Data entries
━━━━

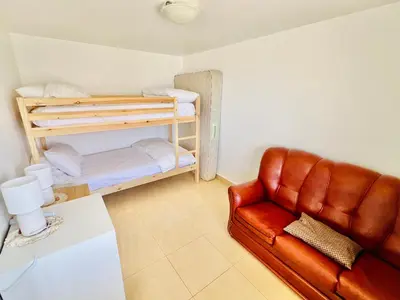 a living room with a couch and a bunk bed at Maria Cottage with Sea View in Estreito da Calheta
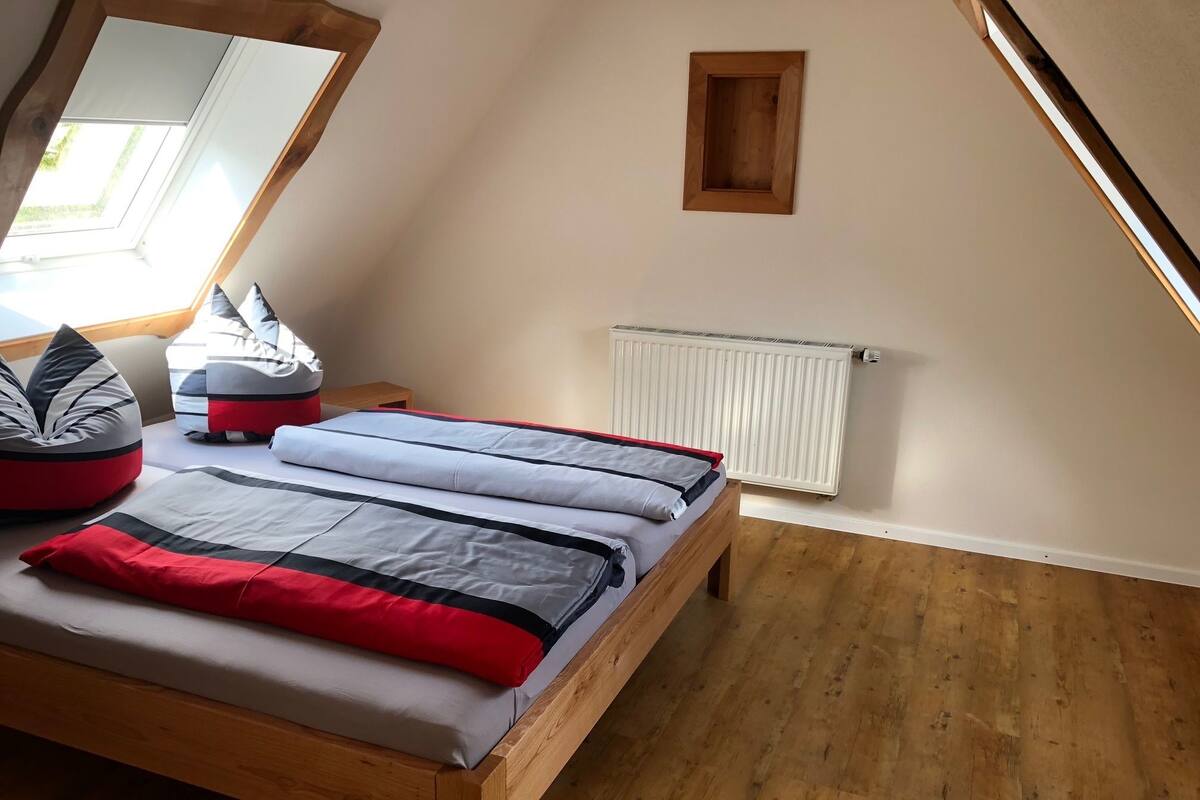 A bedroom with a sloped ceiling, a wooden bed, a radiator, and a small window.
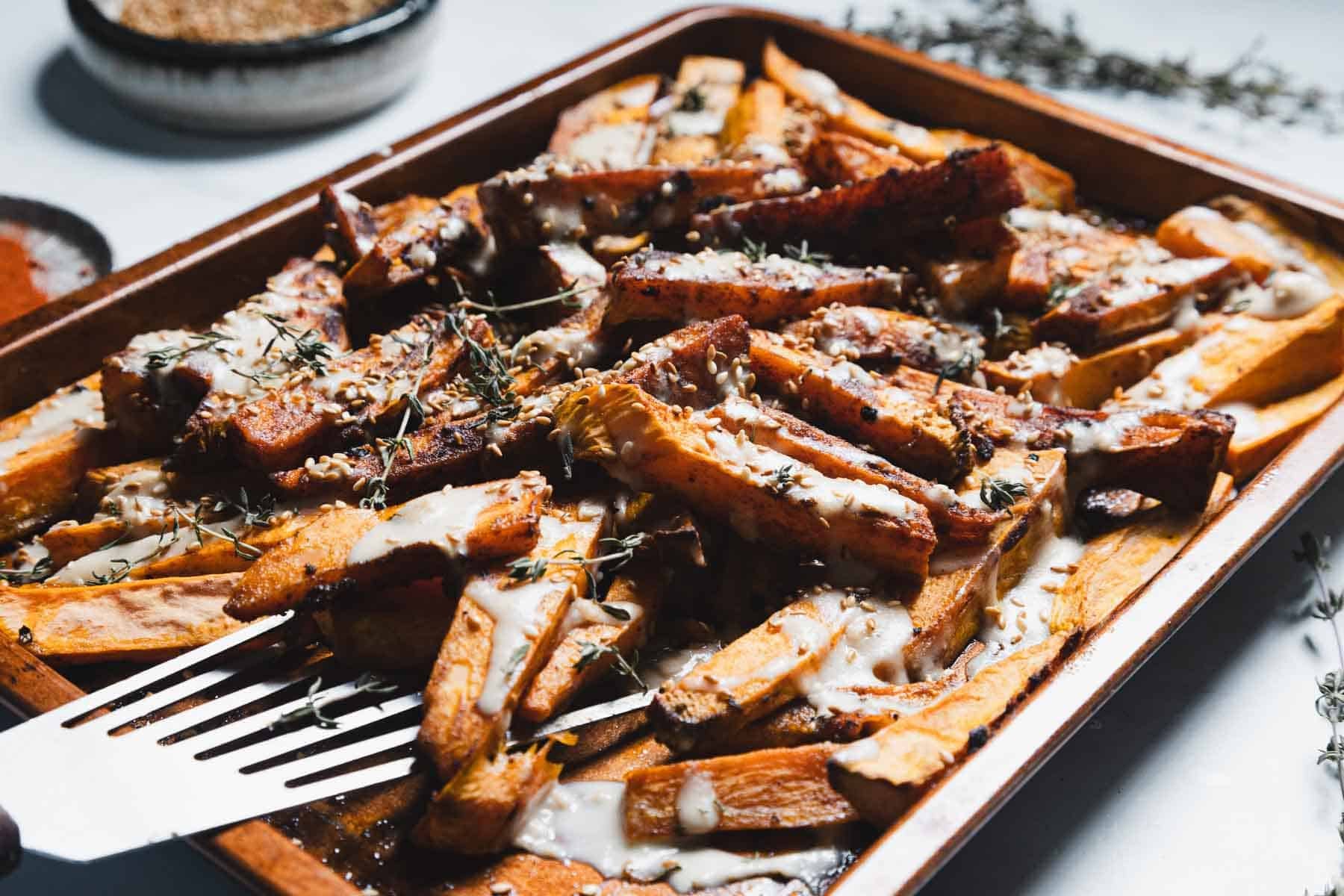 A baking sheet filled with thick-cut Maple Tahini Sweet Potatoes topped with creamy white sauce, sprigs of herbs, and ground pepper. A metal spatula rests under some of the fries.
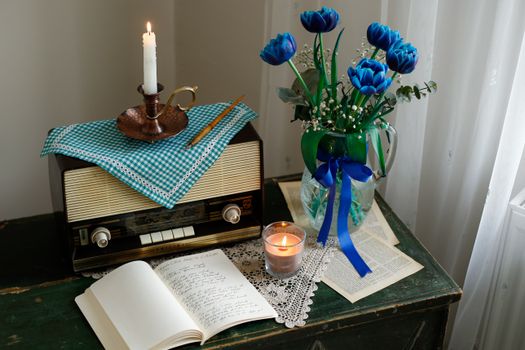 Cozy vintage setup with radio, candle, open book, and blue tulips in vase.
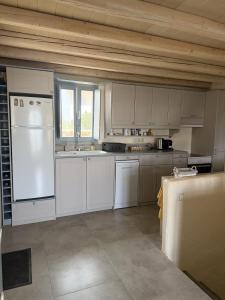 a kitchen with white cabinets and a white refrigerator at Casa Luca in Drios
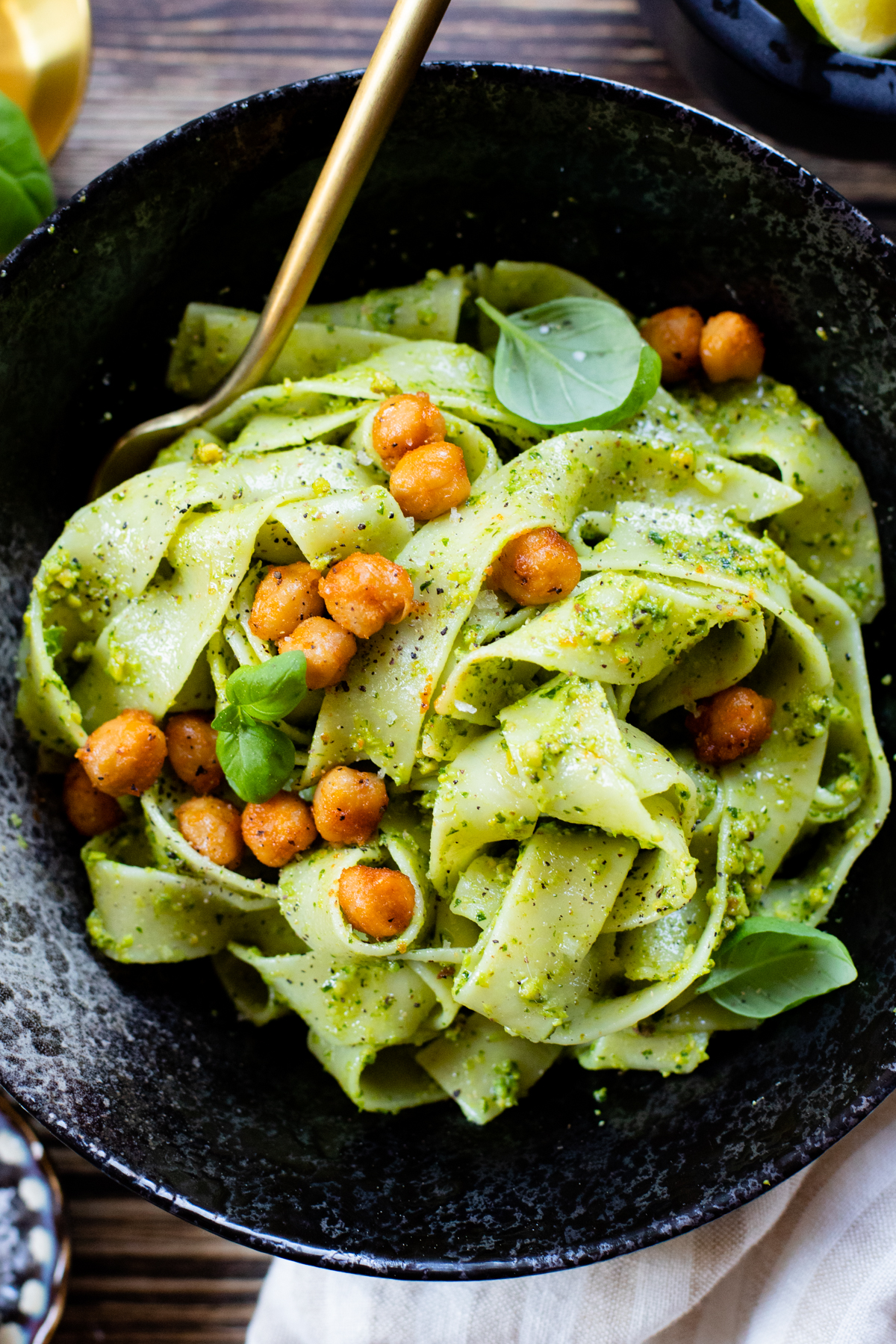 This Pistachio Pesto Pasta is dairy-free, vegan and totally delicious! Made with cilantro, garlic & pistachios and served with crispy chickpeas | ThisSavoryVegan.com #thissavoryvegan #veganpasta #cilantropesto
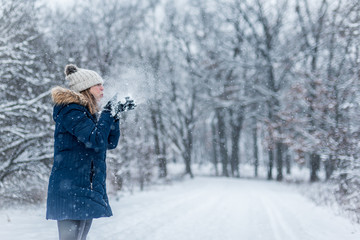 woman blowing handful of snow into the air in winter wonderland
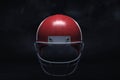 3d rendering of a dark red American football helmet shown on a black background. Royalty Free Stock Photo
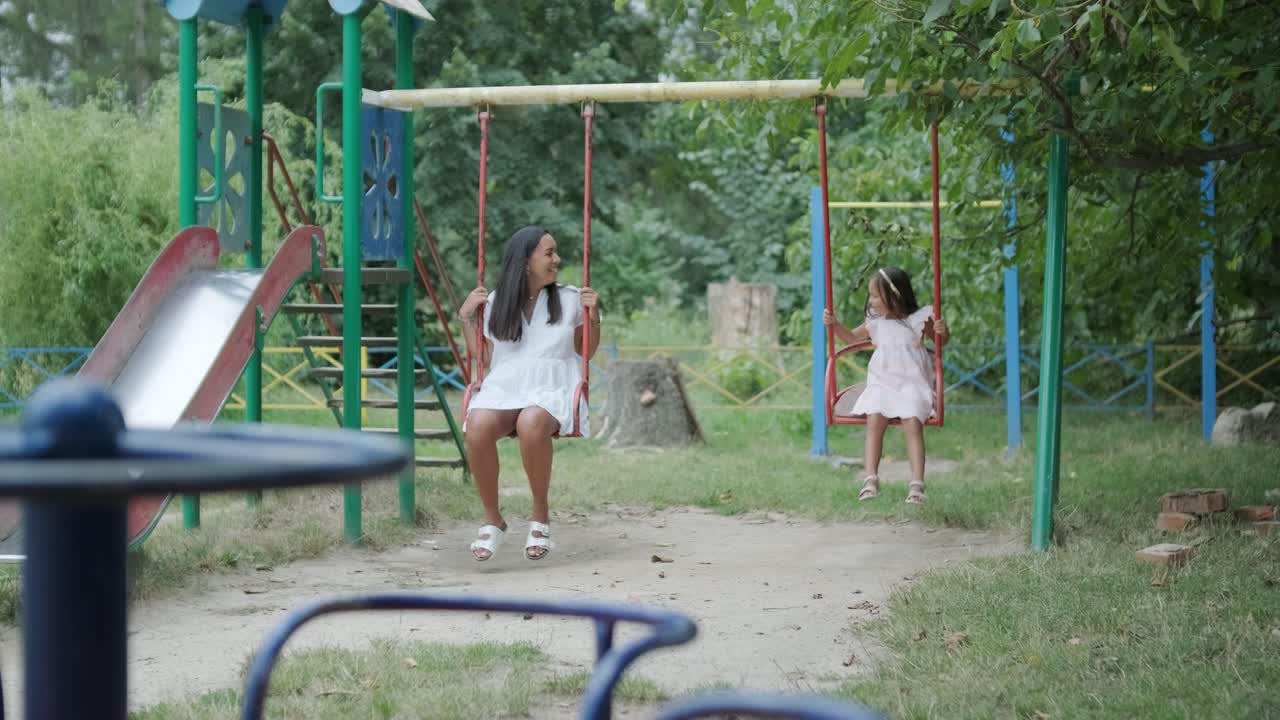 una madre embarazada y su hija joven disfrutan de un tiempo de juego juntos en un patio de recreo en el parque, rodeados de árboles y vegetación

━━━━

*Exercise requirements*
Repeat nothing but the lines from the one containing "3d rendering of" through the end of the entries, exactly, and skip the pictures.

*Completed exercise*
 3d rendering of a dark red American football helmet shown on a black background. Royalty Free Stock Photo
 una madre embarazada y su hija joven disfrutan de un tiempo de juego juntos en un patio de recreo en el parque, rodeados de árboles y vegetación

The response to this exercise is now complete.